Yes, i know each “life” is supposed to be a different soldier, i am not speaking about that, but IMO, given the human psychology, this system is not ideal for this type of games, in the end makes people play very unrealistically, and also it doesn’t promove any teamwork. People just run alone, die, respawn, they try it again using the same path or perhaps another one, die, respawn, they doesn’t follow another teammates, etc etc. Not only that, this system usually makes the game very static, with in each life people trying to go from point 1 to 2 using path A or B and fighting in just that path. Again and again. And let’s not speak about possible spawn camping, as the game needs somewhere to respawn the players, how it usually divides the team in various sections so even if you actively try to keep the squad coherence, or even some games where the put the sector to conquer in or very near a spawn zone!!

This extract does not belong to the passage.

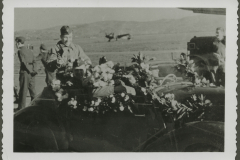 Militärische Beerdigung mit Blumenschmuck und Soldaten im Wüstengebiet Nordafrika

So when today i tried it a new mod http://www.neotokyohq.com/
which it doesn’t try to be a “uber realistic war game!” (it does have people moving more or less slowly and stuff, but it doesn’t even have ironsights! :P), and having some enjoyable matches with people going in groups, escorting the “objetive-bearer” to the exit point, people moving with care and using cover, i laughed remembering some matches in the previously named games, where somehow the matches finished with a TDM feeling in my mouth, where the winner was decided when the spawn counter (or time counter) was empty in a side.

The secret of Neotokyo? Not a lot. It just does have a clear objective (take a item from its initial point to a marked exit) with some well thought mechanics (you can’t run or use the main gun with the item, but you can see the enemies through walls), and it doesn’t have respawn system. It’s played with rounds, and everyone has a life in each round, having to wait if you die until the next round. This little incentive (don’t die early if you want to play!) makes wonders for a realism shooter, and every round is like a small slice of realistic action, instead of trying to make a longer but irrealistic round with respawns as in other games.

Woah, that was a lot of text to say i prefer the “last man standing” type instead of “respawn” type in realitic shooters.

That sums up why I didn’t really get into Insurgency. When the game rewards a spawn-sprint-grenade-die type of approach, it doesn’t make any difference that the machine guns have tripod mounts. The same holds true outside of the “realistic” shooter sub-genre; there’s a reason that after trying out Battlefield, Team Fortress, and various HL mods, I always find myself returning to Counter-Strike.

When i am in the “get off my lawn, kids!” mood, i remember fondly the Infiltration mod for UT, with the DTAS mode.

It was my fav multiplayer game, ever. It was very realistic (in fact, it was a pioneer in this subgenre of shooters in lots of things, from freeaim zone to 3d ironsights to bullet penetration and ricochets to frag nades with sharpnel to realistic Claymore mines, to anti-strafe measures, etc), it was a “last man standing” affair, of course, and it had random positioning of the objective and the initial spawn point. Every time the game was different, you couldn’t simply memorize the A, B and C paths, sometimes you had to defend an open area, others a sewer tunnel, others attack a hill, etc.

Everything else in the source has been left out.